- **Instructions to follow**: Check each line of the entries. Copy the ones that contain the string "Natural".

- **Material supplied**:
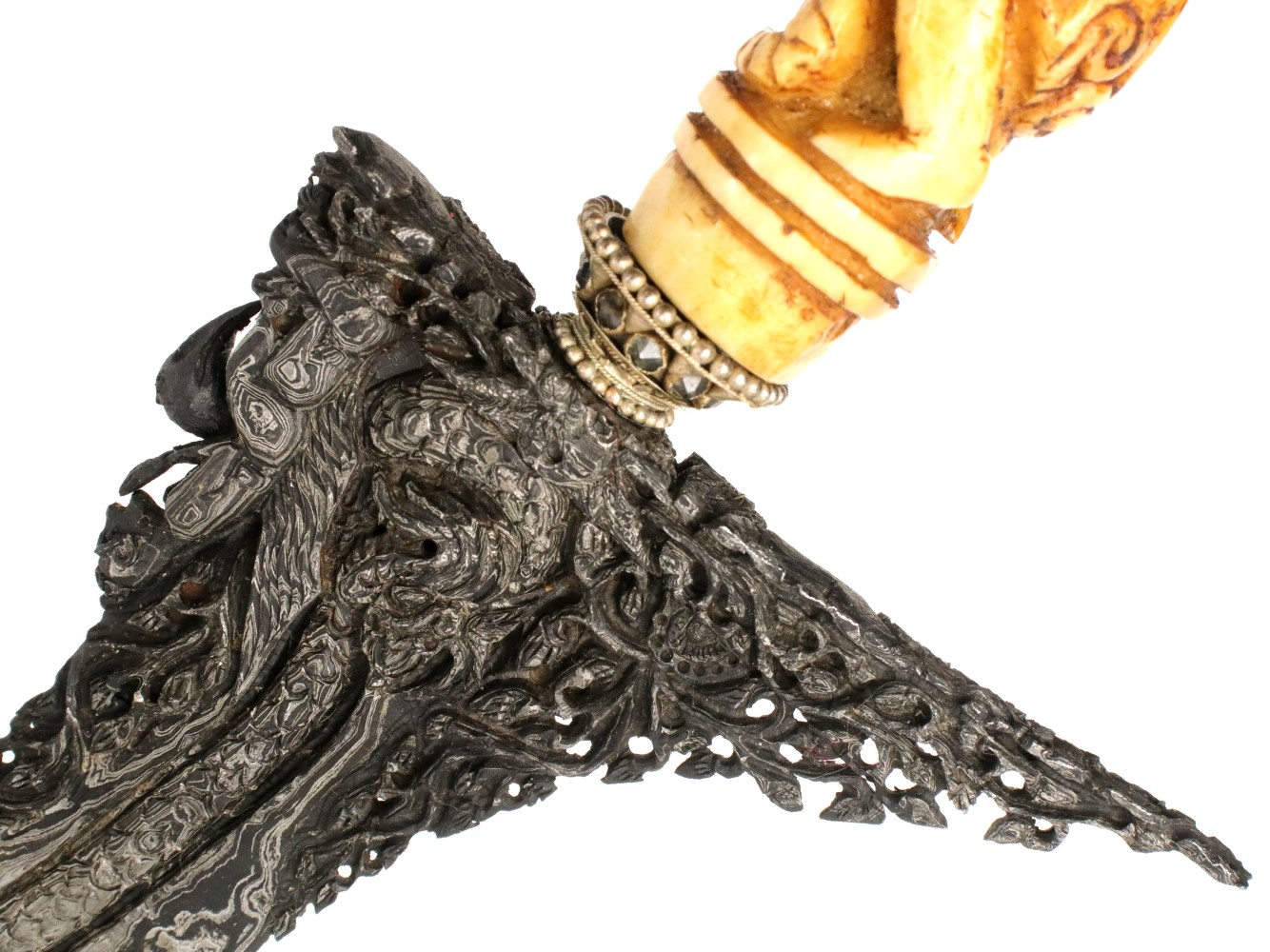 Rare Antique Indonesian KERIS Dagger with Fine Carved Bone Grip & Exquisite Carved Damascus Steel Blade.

* * *

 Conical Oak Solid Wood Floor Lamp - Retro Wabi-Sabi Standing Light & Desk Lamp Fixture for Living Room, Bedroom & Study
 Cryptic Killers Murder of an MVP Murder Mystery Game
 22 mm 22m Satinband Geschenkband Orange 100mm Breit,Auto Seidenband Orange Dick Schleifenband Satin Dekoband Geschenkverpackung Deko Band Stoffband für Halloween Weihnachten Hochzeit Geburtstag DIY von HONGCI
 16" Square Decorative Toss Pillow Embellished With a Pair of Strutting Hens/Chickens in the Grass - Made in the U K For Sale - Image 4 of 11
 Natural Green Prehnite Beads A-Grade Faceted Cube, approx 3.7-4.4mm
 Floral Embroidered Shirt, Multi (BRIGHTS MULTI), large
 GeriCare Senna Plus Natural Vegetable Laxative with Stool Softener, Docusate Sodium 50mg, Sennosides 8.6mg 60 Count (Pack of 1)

--

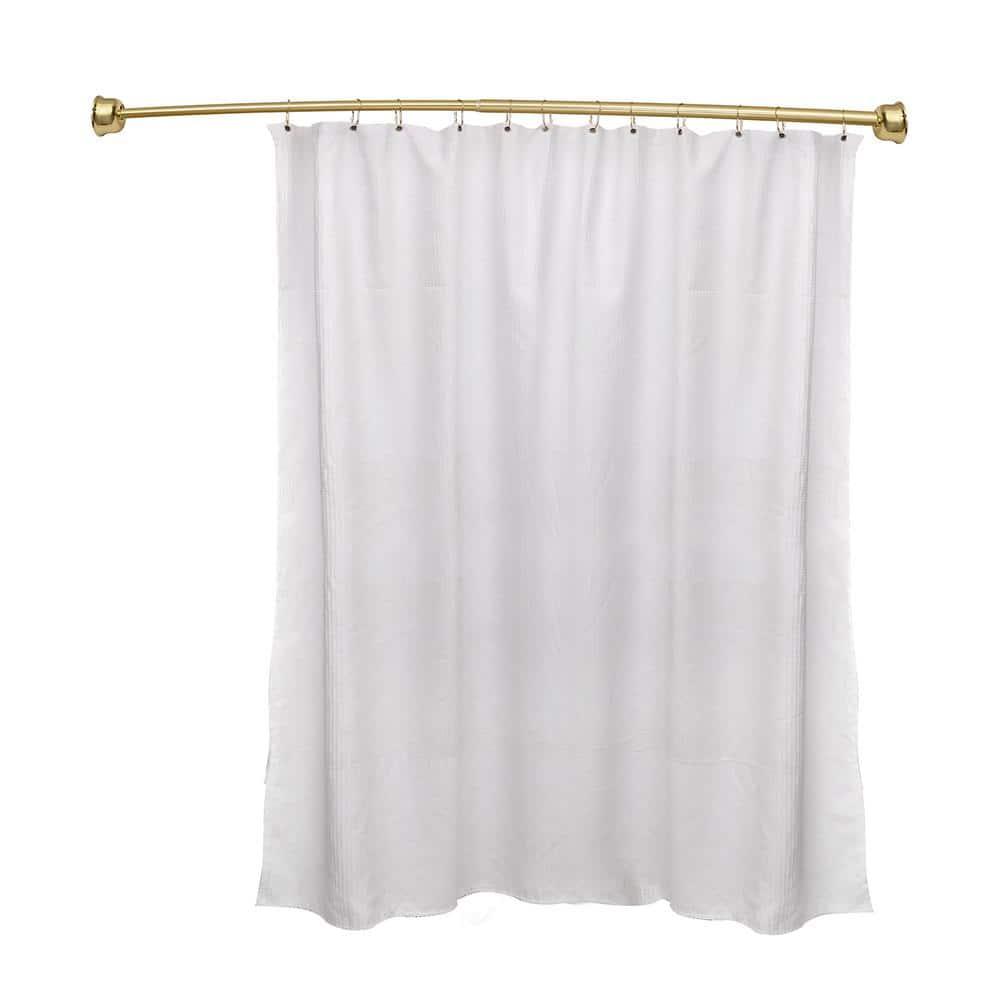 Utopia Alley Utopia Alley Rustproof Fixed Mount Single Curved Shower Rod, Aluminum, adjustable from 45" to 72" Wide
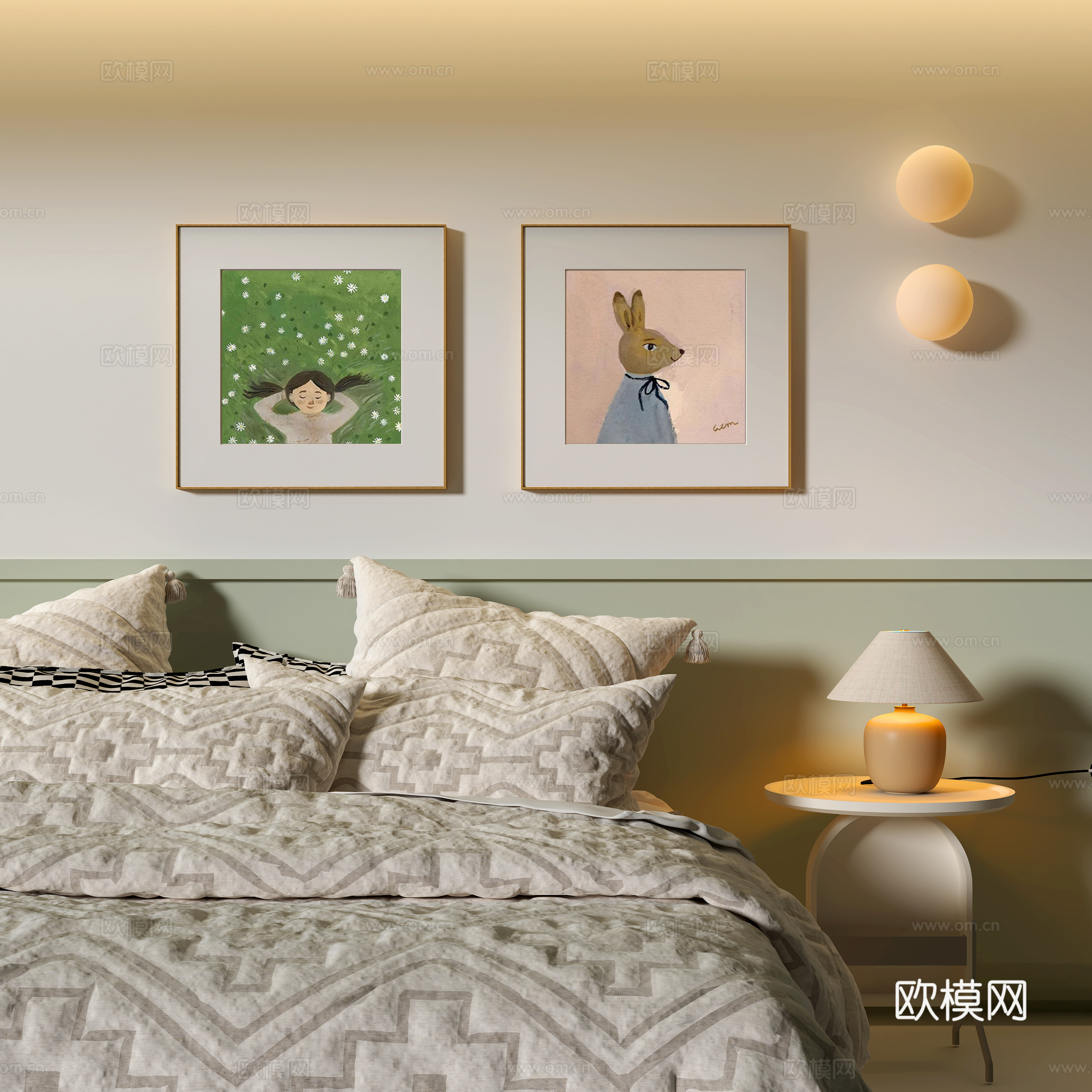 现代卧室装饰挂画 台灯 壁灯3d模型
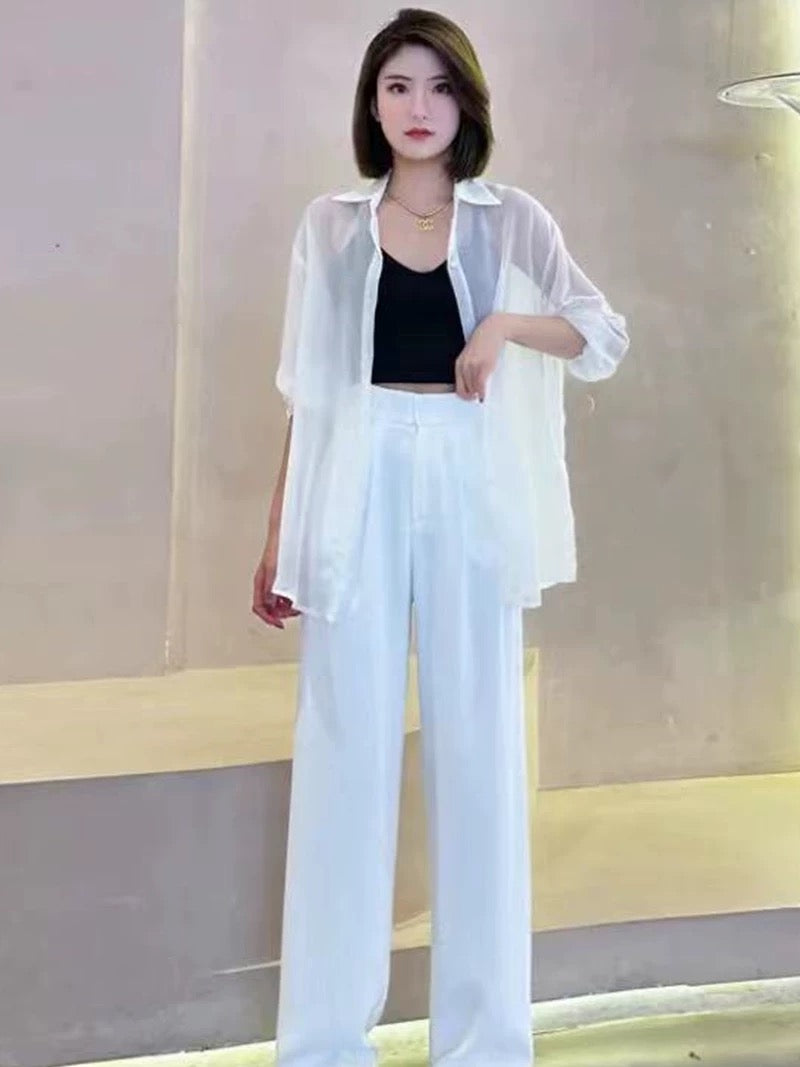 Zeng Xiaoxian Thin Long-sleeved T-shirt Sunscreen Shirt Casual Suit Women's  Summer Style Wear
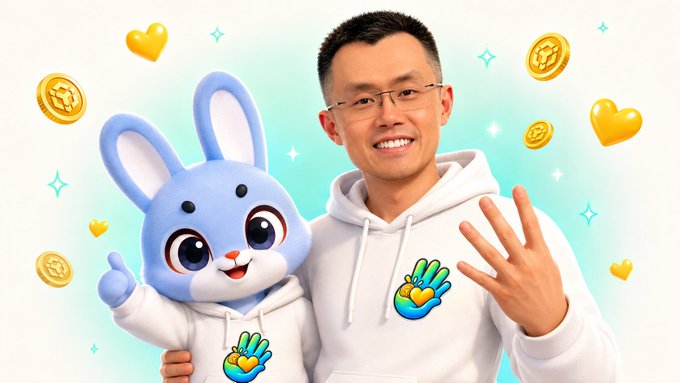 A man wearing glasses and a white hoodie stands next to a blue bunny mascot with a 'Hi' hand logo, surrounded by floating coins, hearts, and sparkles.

- **Written reply**:
 Natural Green Prehnite Beads A-Grade Faceted Cube, approx 3.7-4.4mm
 GeriCare Senna Plus Natural Vegetable Laxative with Stool Softener, Docusate Sodium 50mg, Sennosides 8.6mg 60 Count (Pack of 1)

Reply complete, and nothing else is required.